Just before he left office, President Obama dropped a rule that had, for decades, meant that Cuban immigrants like Lima-Marin had a relatively straightforward path to be granted residency and eventual citizenship in the U.S. That has resulted in the deportation of more than 100 Cuban-Americans, and it’s unclear whether Cuba will accept them back. In some cases, people may be placed on an “order of supervision” instead of being sent to Cuba, meaning they would be released but required to regularly check in with ICE.

Chief Arapahoe County District Judge Carlos Samour Jr., who released Lima-Marin from prison this week, said that, given the system’s treatment of him so far and his exemplary conduct in prison and in the outside world over the past 10 years, it would be “draconian” not to release him. He wrote in his decision:

After its utter lack of care led to Lima-Marin’s premature release and prolonged erroneous liberty, in January 2014, the government decided to compensate for its transgressions by swiftly turning back the clock and returning Lima-Marin to prison … disregarding everything that had transpired between April 2008 and January 2014.
Requiring Lima-Marin to serve the rest of his prison sentence all these years later would be draconian, would deprive him of substantive due process, and would perpetrate a manifest injustice.
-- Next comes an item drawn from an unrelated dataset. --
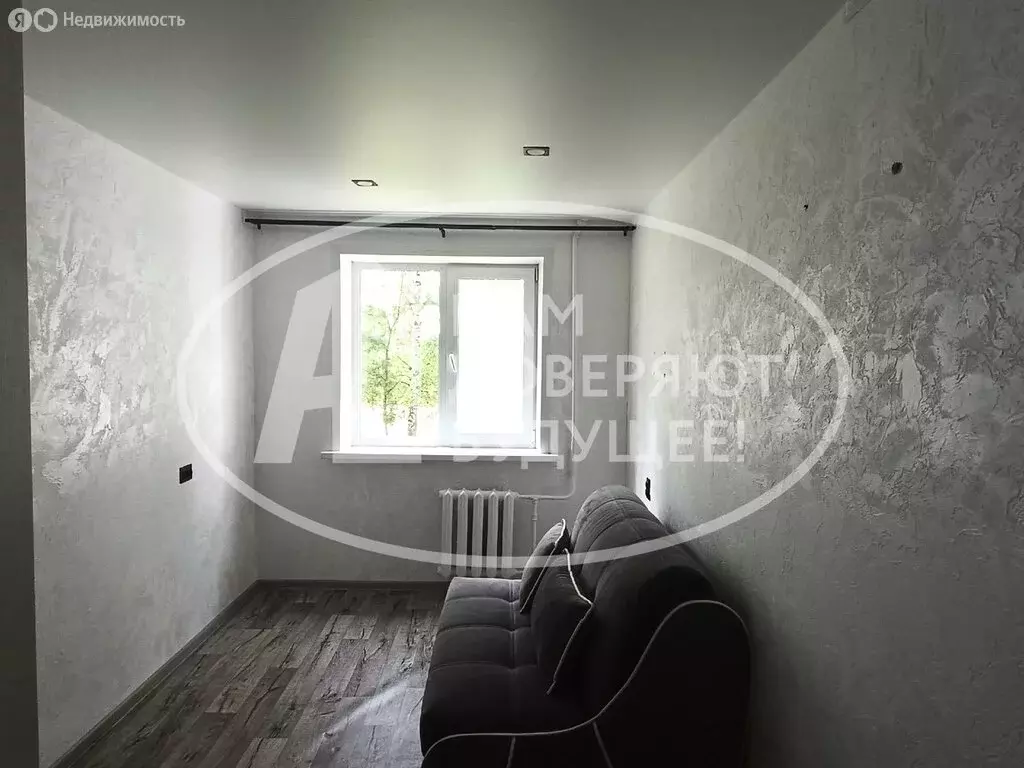 3-комнатная квартира: Добрянка, улица Энергетиков, 25 (57.8 м) - Фото 0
Because the Court finds that Lima-Marin is being unlawfully detained, he is ordered released. No other remedy will result in justice in this case.

Colorado Governor John Hickenlooper is also considering a request for clemency for Lima-Marin, which has the support of both houses of the state legislature. That may not be enough to prevent his deportation, but it could be a step in the right direction.
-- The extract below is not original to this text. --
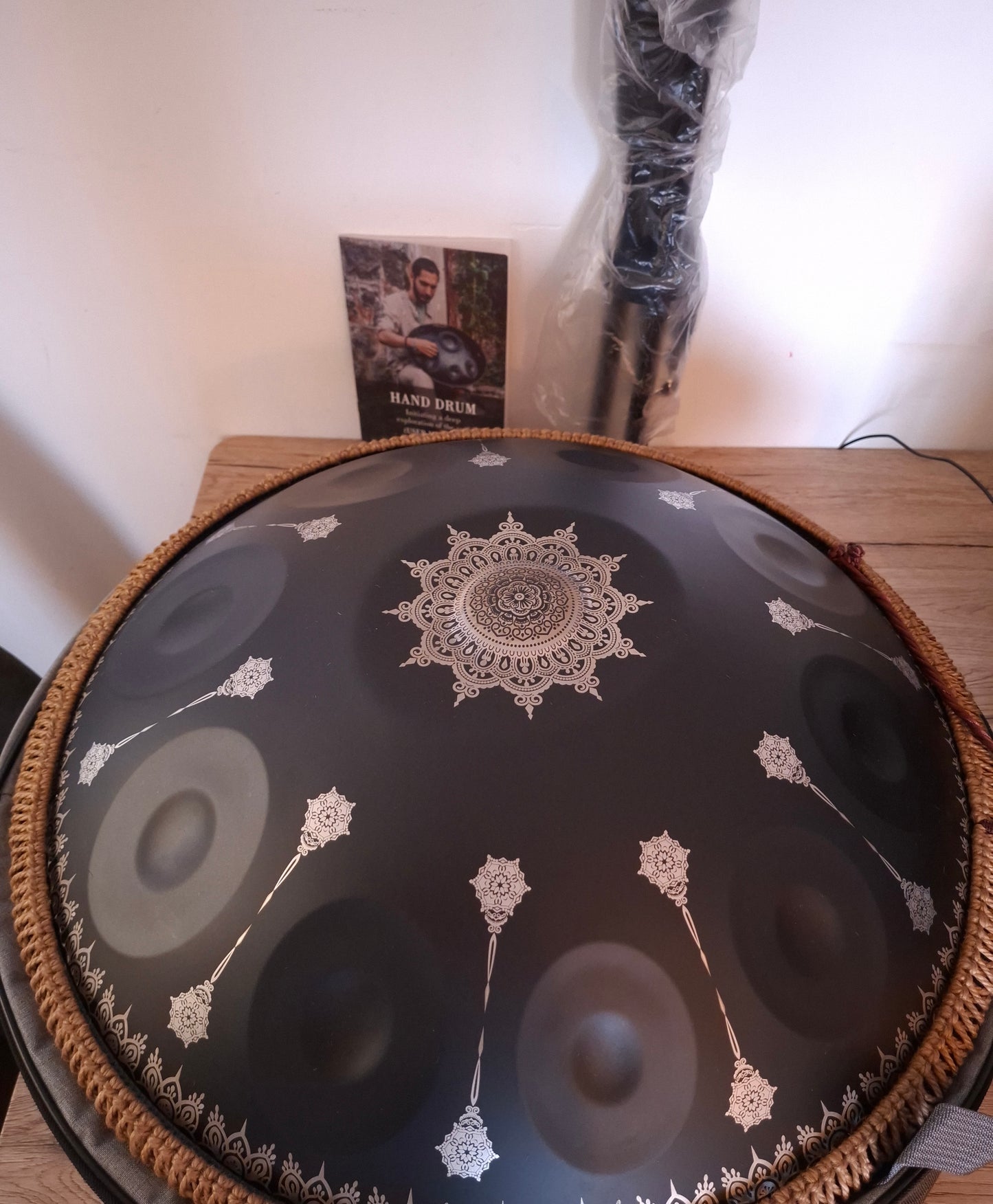 🎶✨ Handpan Ré Mineur neuf – 10 Notes – 22 pouces – 440 Hz – Motif Mandala – Son profond & hypnotique ✨🎶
“They want to send him to a place he’s never known,” Jasmine Lima-Marin, Rene’s wife, told Fox 31 Denver. “My biggest fear, to be completely honest, is if this doesn’t work and he does have to go, how hard it would be to go with him,” Jasmine Lima-Marin said. “That’s my biggest fear, because if he goes, I’ll go with him.”

“[Lima-Marin] remains in ICE custody pending his removal to Cuba,” an ICE spokesperson told Fusion in a statement.